2015年に上海で設立された「Manner Coffee」は上海をはじめ、北京や深圳、杭州、成都、武漢など主要都市を中心に店舗を構え、「精品珈琲(スペシャルティコーヒー)」を展開しています。
「三頓半(サンドンバン/SATURNBIRD)」はインスタントコーヒーのネット販売からスタートし、知名度を上げてから実店舗を展開した、人気の高いブランドです。

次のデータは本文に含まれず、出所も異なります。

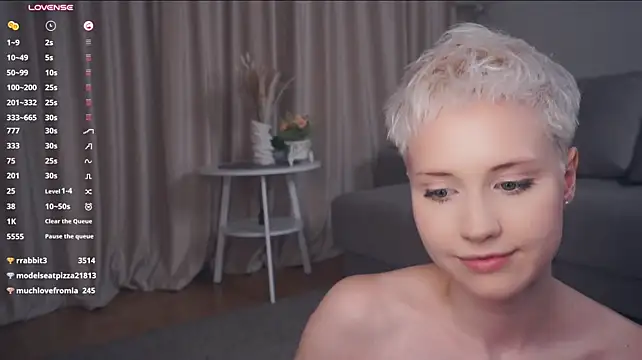 HattieSkay - Drop my skirt on the floor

コーヒービジネスに参入する茶飲料ブランドもあります。蜜雪氷城(激安ティードリンクチェーン)がその一例ですが、ここでは湖南省長沙市に根差した発展から全国的な有名ブランドへ成長した「茶顔悦色(チャヤェンユェセィ/Modern China Tea Shop)」を紹介します。
独特な中国風の店舗設計、巧みなSNS運営およびリーズナブルな価格は高い人気の源泉です。2022年夏に同社は新たな試みとして、長沙市の商業エリアに5店のコーヒーショップを同時にオープンしました。中国風の外装と内装や、中国風の名前の商品、「ラテのうえに唐辛子」というようなインスタ映えも良い目玉商品、多くの消費者が手を出しやすい価格(14元〜20元)の設定など、茶顔悦色と同様に中国風を売りにする運営手法をとっています。
このように次々と新しいブランドが誕生しているコーヒー関連のビジネスは今後も成長が続くことが予想され、外資、内資ともに中国のコーヒー市場をめぐる競争はますます激しくなっていくでしょう。